Cantor Asks Obama To Keep Tax Hikes Out Of Debt Talks
The Richmond Times-Dispatch
June 1, 2011
House Majority Leader Eric Cantor, R-7th, today emerged from a meeting between House Republicans and President Barack Obama saying he asked for Obama's cooperation in keeping tax increases out of the Biden commission talks.
Cantor noted that the chairman of the Ways and Means Committee is putting together a tax reform plan sought by Republicans.
"I asked the president, hopefully, that he will work with us to do so and to keep out of the discussions surrounding the debt limit and in the Biden talks any notion that we're going to increase taxes," Cantor said.
"It's counterintuitive to believe that you increase taxes on those individuals and entities that you are expecting to create jobs."
Cantor is among a small group of lawmakers from both parties who are meeting with administration officials who are trying to forge an agreement on spending cuts in advance of a vote to increase the debt limit. Vice President Joseph R. Biden Jr. is leading the talks. Republicans want cuts at least equal to the amount of the credit level increase – potentially a couple of trillion dollars.

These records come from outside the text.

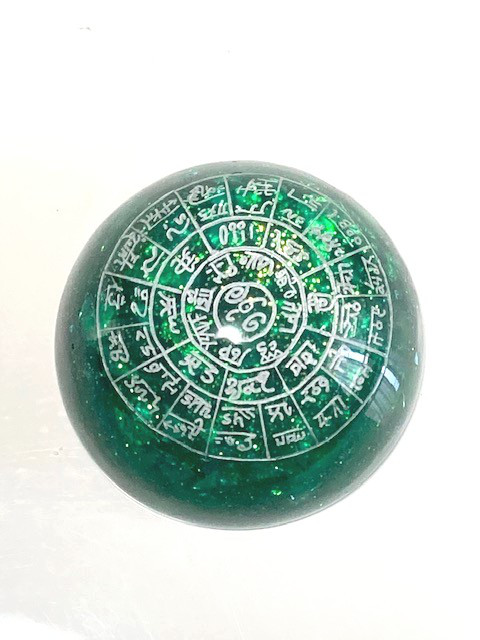 オルゴナイト　ドーム型　龍体文字フトマニ図　グリーン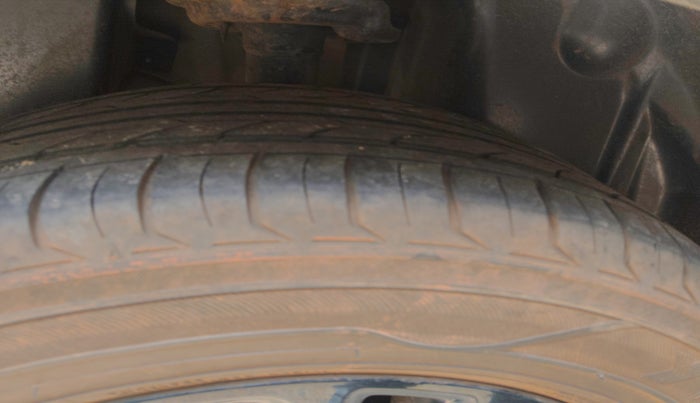 2018 Jeep Compass LIMITED (O) 2.0 DIESEL, Diesel, Manual, 1,14,036 km, tyre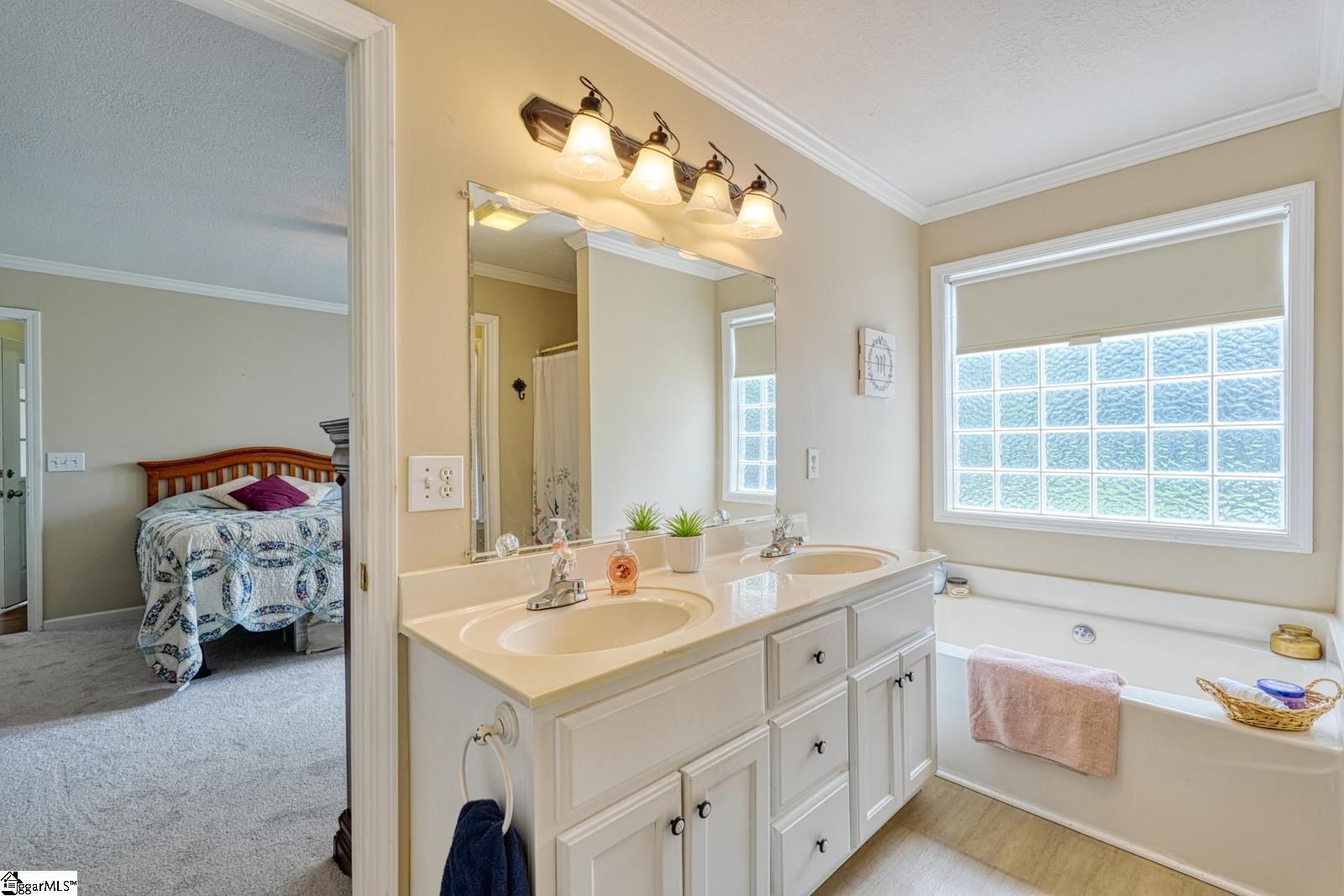 16 Woodwind Way Greer, SC 29651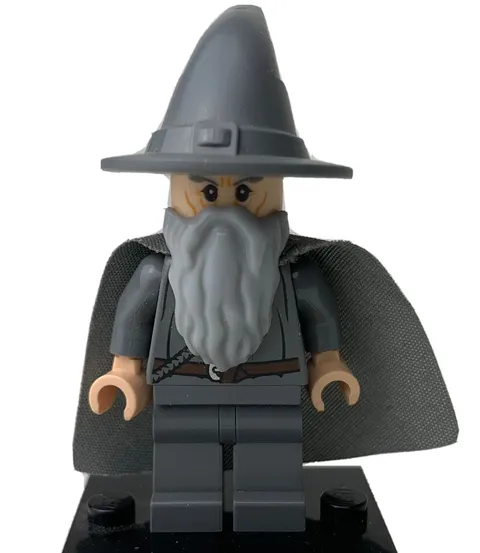 LEGO MINIFIGURE RETIRED LORD OF THE RINGS GANDALF  FROM 2015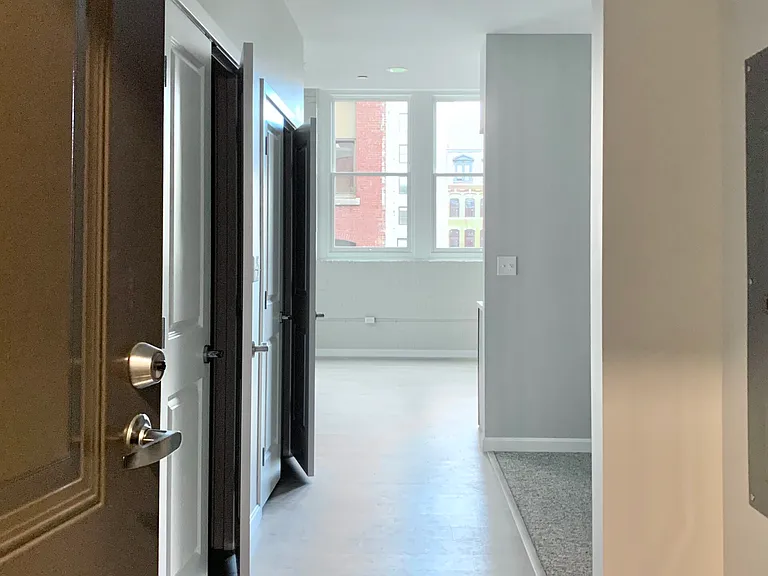 Chatham Lofts — Photo 15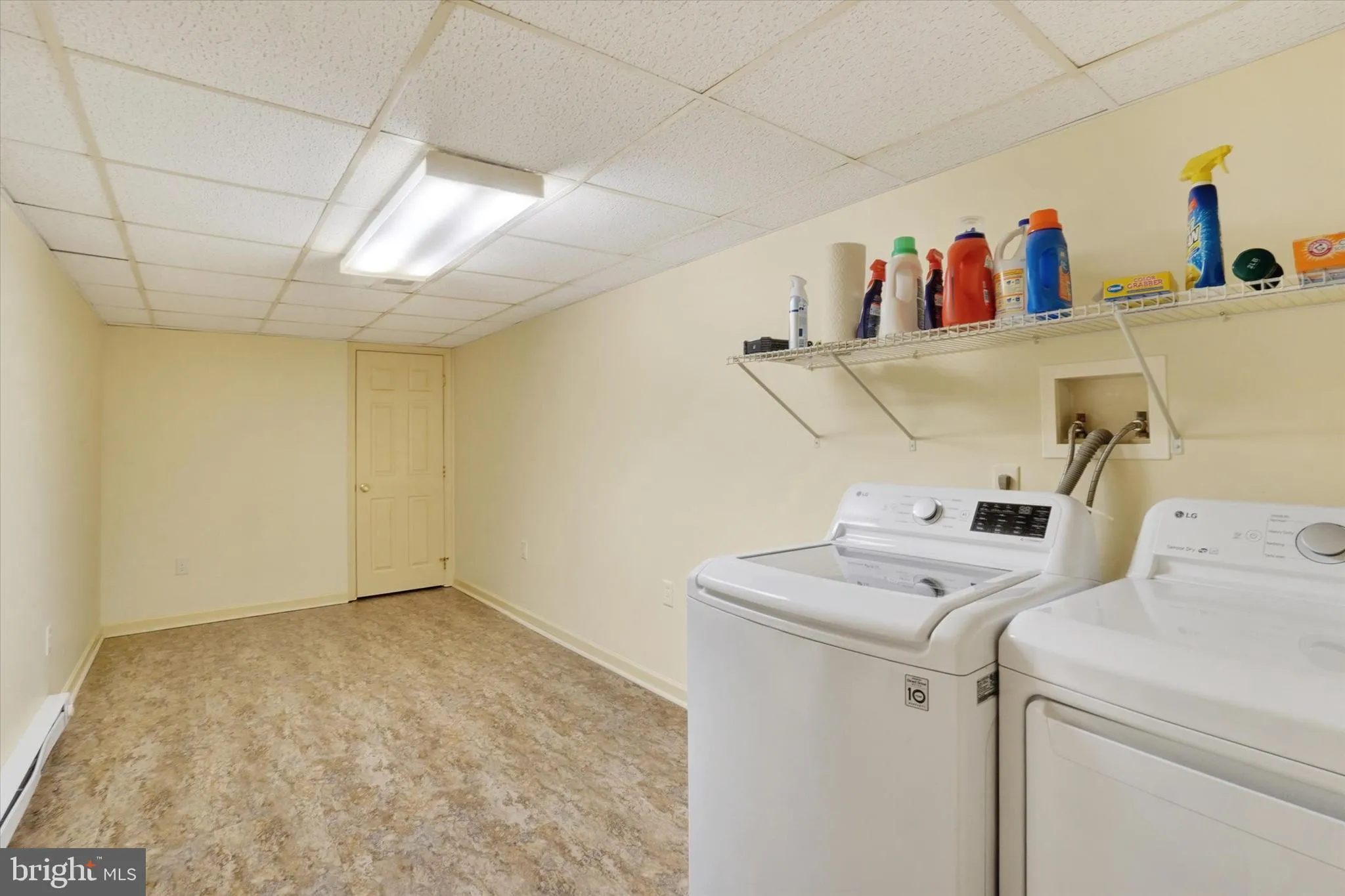 York, Pennsylvania 17403, United States, 4 Bedrooms Bedrooms, ,4 BathroomsBathrooms,Residential,Active,145122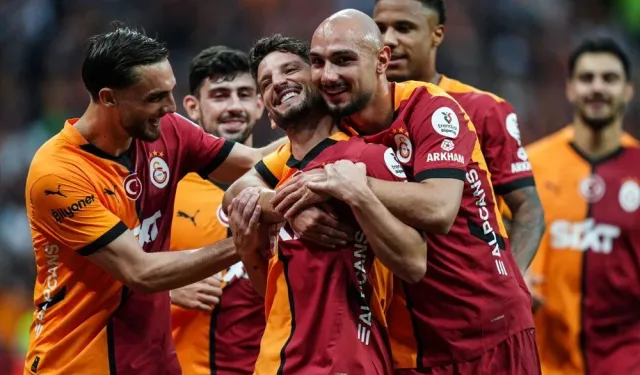 Galatasaray, Başakşehir'i 2-0 mağlup etti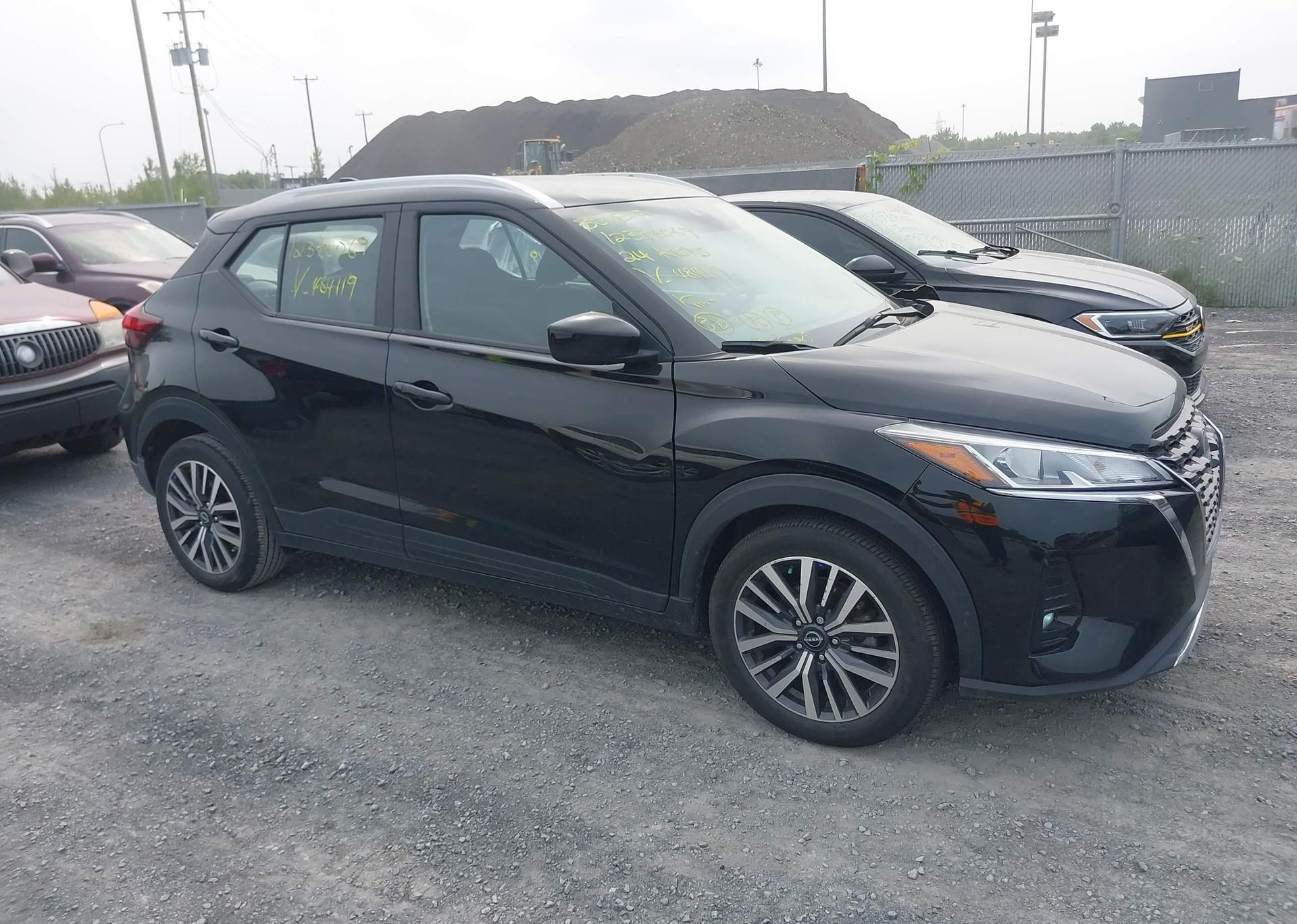 2024 NISSAN KICKS SV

The No. 2 Republican in the House said today's meeting gave GOP Republicans a chance to express concerns about the current situation in the economy. He referenced the labor report released today by ADP, a private payroll firm, that said private-sector employment increased by 38,000 from April to May on a seasonally adjusted basis. Cantor said it was "woefully short of the amount needed for us to see this economy get back on track and people get back to work."
Cantor said Obama "admitted that we have to look at growing this economy, and the discussion focused on the philosophical difference on whether Washington should continue to pump money into the economy, or [whether] we should provide an incentive for entrepreneurs and small businesses to grow."
He said he thinks the president was "well aware" and "admitted the fact that private sector job creation is not enough, and he did mention that a lot of the losses were in the public sector."
On Tuesday, U.S. House Republicans called for a vote to increase the nation's debt ceiling that they knew would fail.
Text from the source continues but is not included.